Let me start by saying I rarely, if ever, click on blogads. I probably should more often in order to support blogs I like, but I don't. Well, this is a short story of clicking on an ad on a blog that I frequent.

I read the preface of the advertized book and I am now curious. Not because the author's thesis is unique, but because it reminds me of my own spiritual journey that I abandoned due to frustration; I am one of those 'spiritual' people who doesn't like 'religion'.

His original premise is what struck me at first;
Religion never satisfied me, and often infuriated me...I thought of myself first and foremost as a human being...I would be progressing intellectually and spiritually only by understanding what was universally right and natural in life, why these things were right and natural, and how to live accordingly.
Having studied a wee bit of philosophy, the moral absolutes (i.e. universally right and natural) are a problem, but I won't let that de-rail his argument.

His next premise is the kicker.
Understanding that the idea of God signified absolute unity, I concluded that anyone advocating unquestioning loyalty to a restrictive group such as a faith, ethnicity, or nation was in fact promoting the fall of humanity by advancing its division...religions were never intended to support the search for an expansive God and are actually antithetical to it. Probing further, I discovered that human beings aspired to know God long before religions were established, suggesting that the real worship of God could outlive the forms of worship currently in existence.
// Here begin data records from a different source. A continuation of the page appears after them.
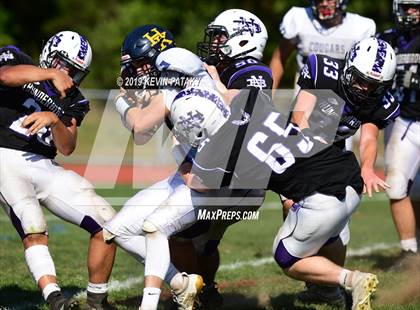 Thumbnail 1 in Haddam-Killingworth @ North Branford photogallery.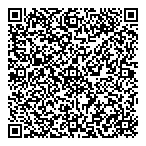 Bamboletta Dolls Ltd QR Card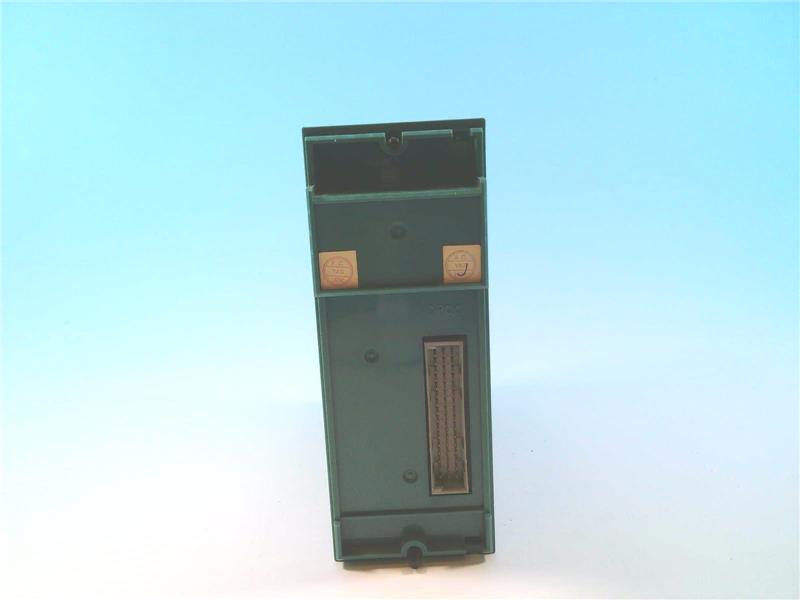 YOKOGAWA NFPW442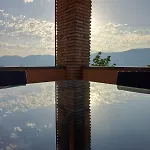 Dimora Del Falco Bed & Breakfast Montefalco
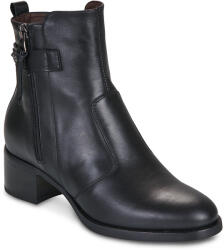 NeroGiardini Botine Femei I617210D NeroGiardini Negru 36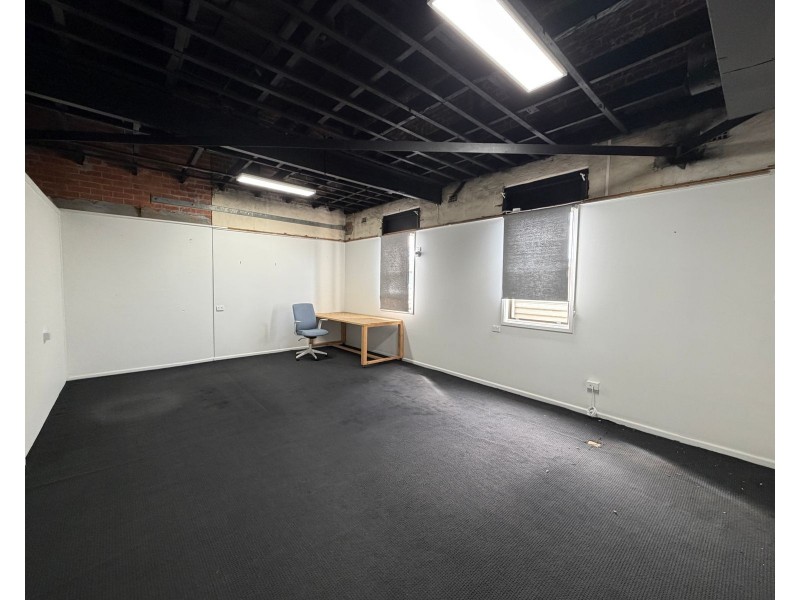 1st Floor/10-12 Manning Street, Taree NSW 2430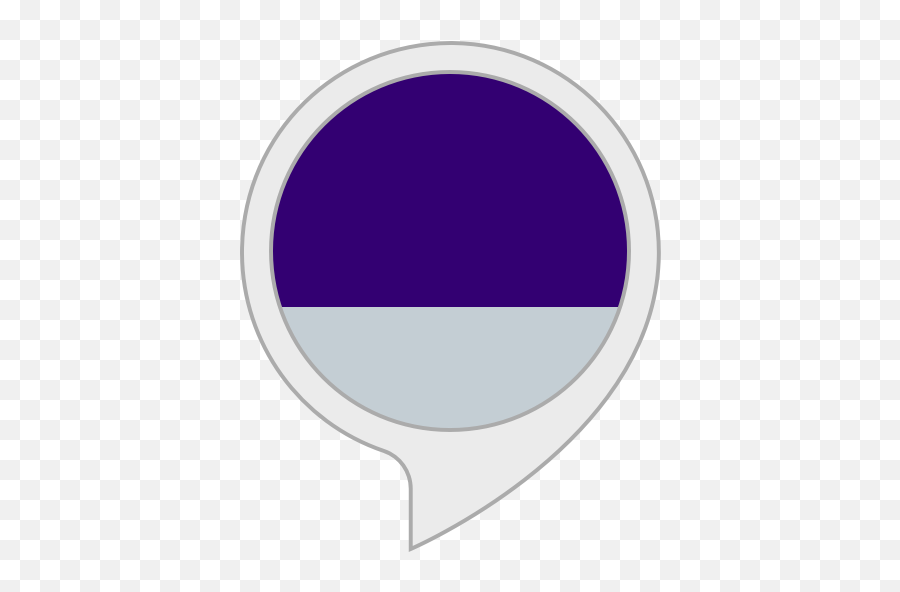 Amazoncom Colorado Rockies Unofficial Alexa Skills - Circle Png,Rockies Logo Png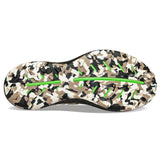 Saucony Saucony Endorphin Edge chaussures de course à pied trail homme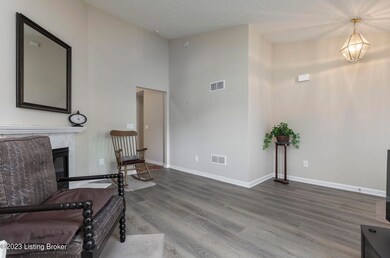 6931 Arbor Manor Way, Louisville, KY 40228 - photo 6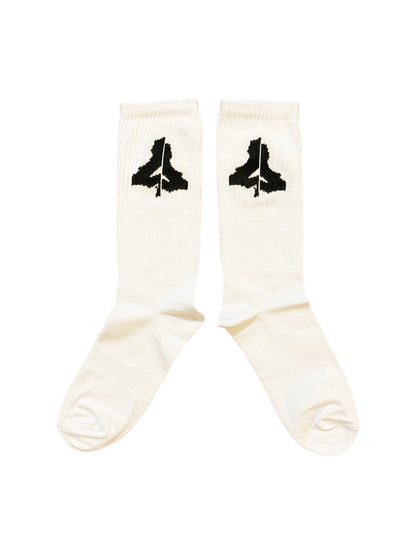 LOGO SOCKS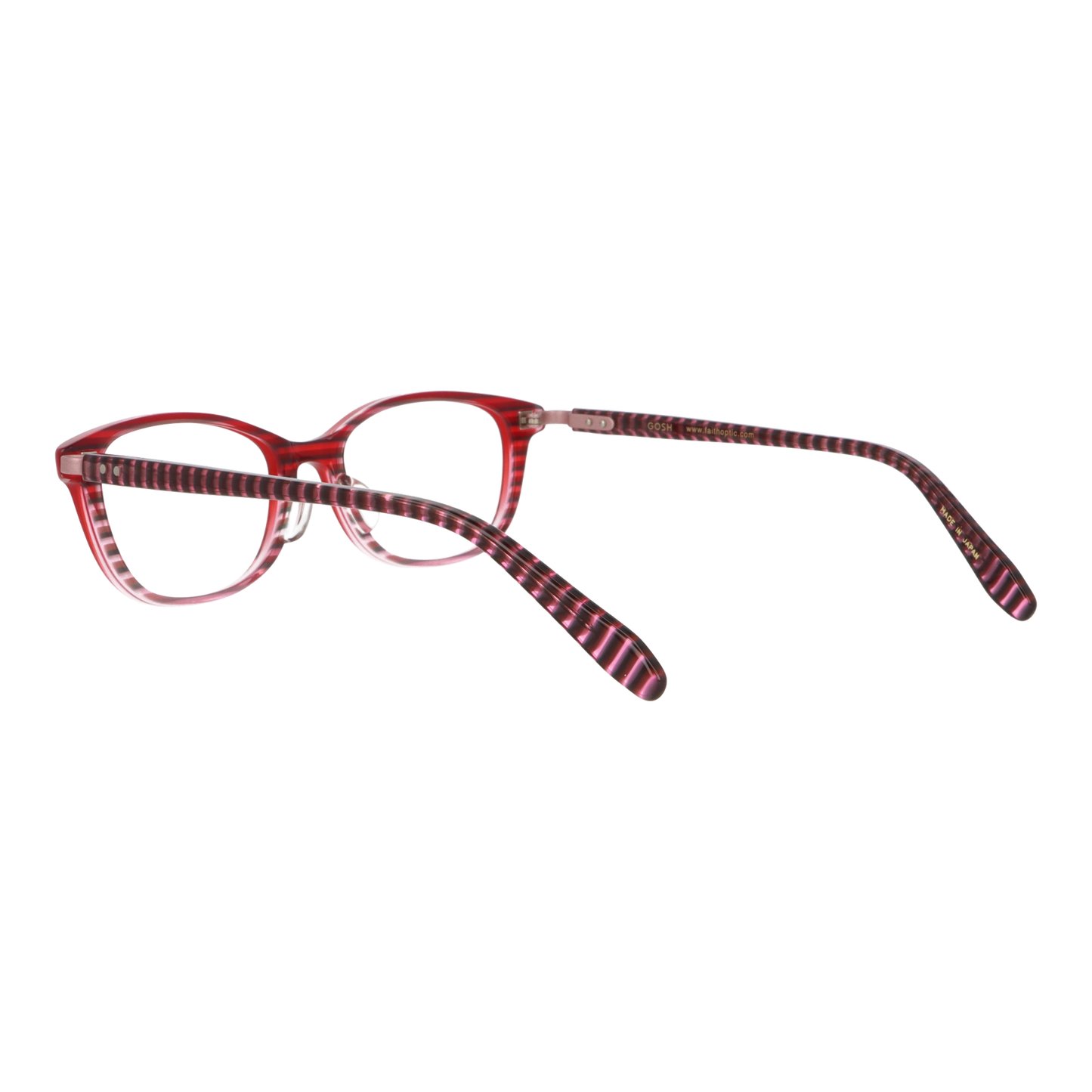 【試着OK】GOSH GO-925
Simultaneously, I found an unholy trinity of political, economic, and religious forces fostering and perpetuating massive greed, poverty, and ignorance.
And with the way the Vatican is attacking the most recent alternate version of events the Vatican claims ownership to, it is hard to argue with the negative effects of organized religion.

His goal is a bit hippy-ideal, but heart-warming nonetheless, and we all could use that once in a while.
It is my hope that by encouraging an inner search for God based on timeless techniques beneficial to spiritual freedom, this book contributes to a broadening of perspectives around the world, culminating in the eventual unification of humanity.